En conclusion de cet échange, Musk confirme l’idée de Robinson selon laquelle la gauche serait la force occulte en capacité de contrôler les gouvernements, et d’organiser les migrations de masse dont elle tirerait ensuite des électorats qu’elle serait par ailleurs incapable de réunir parmi les populations « authentiquement » nationales. « La gauche [parti du meurtre, donc] importe des électeurs […] des gens d’autres nations qui voteront pour eux […] privant ainsi les citoyens de leur pouvoir démocratique. C’est vraiment un problème d’importation d’électeurs ».

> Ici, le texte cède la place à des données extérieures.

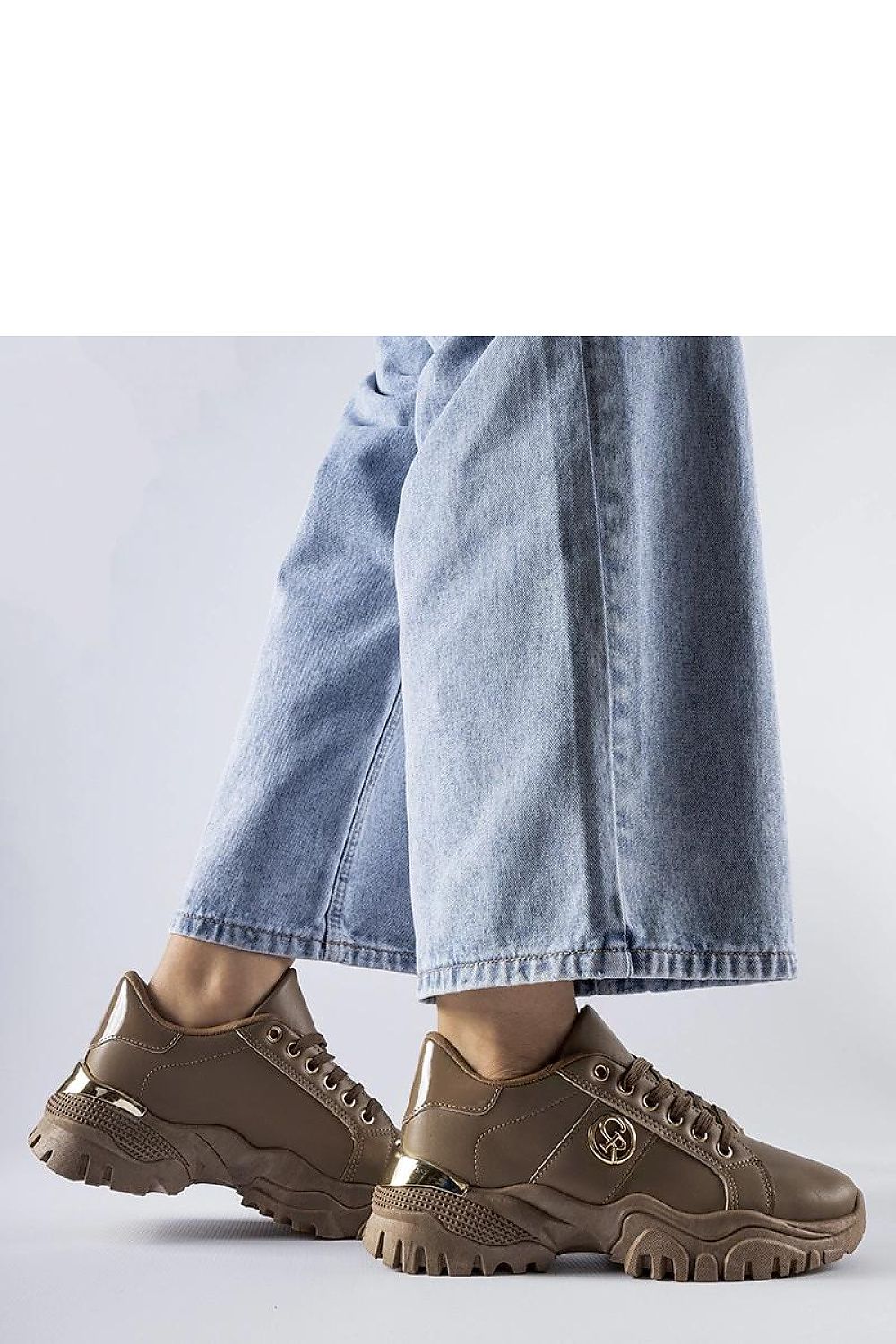 Close-up of Solea eco leather brown sneakers with chunky sole, ideal for sporty spring-summer outfits.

On retrouve ici, à peu près terme pour terme, les imputations conspirationnistes classiquement antisémites – mais pour un adepte du salut nazi, la chose ne peut vraiment surprendre — dirigées par l’extrême droite hongroise contre George Soros en 2017 : Soros, le « financier juif » libéral qui œuvrerait à la dissolution des identités nationales en mettant sa fortune au service d’une vaste manipulation des migrants vers l’Europe. Ce même motif, toujours assorti de la référence rapide mais explicite à Georges Soros, est au cœur d’un long entretien proposé sur la chaîne d’extrême droite ardemment pro-israélienne GB News

Rappelons que ce même imaginaire victimaire de « l’invasion » est celui qui avait animé l’auteur néo-nazi de la tuerie de la synagogue de Pittsburgh en octobre 2018 (onze morts). Pour le tueur, Robert Bowers, la Société hébraïque d’aide aux migrants (HIAS) était responsable de l’arrivée de migrants d’Amérique centrale et de « musulmans maléfiques » [evil] ; cette société « aime faire venir des envahisseurs qui tuent les gens de chez nous. Je ne vais pas rester là à regarder les miens [my people] se faire massacrer ». Les justifications délirantes des tueries de masse perpétrées par Anders Brevik en Norvège en 2011 sur de jeunes militants de gauche (71 morts) et par Brenton Tarrant dans une mosquée en Nouvelle-Zélande en 2019 (51 morts), n’étaient pas différentes. 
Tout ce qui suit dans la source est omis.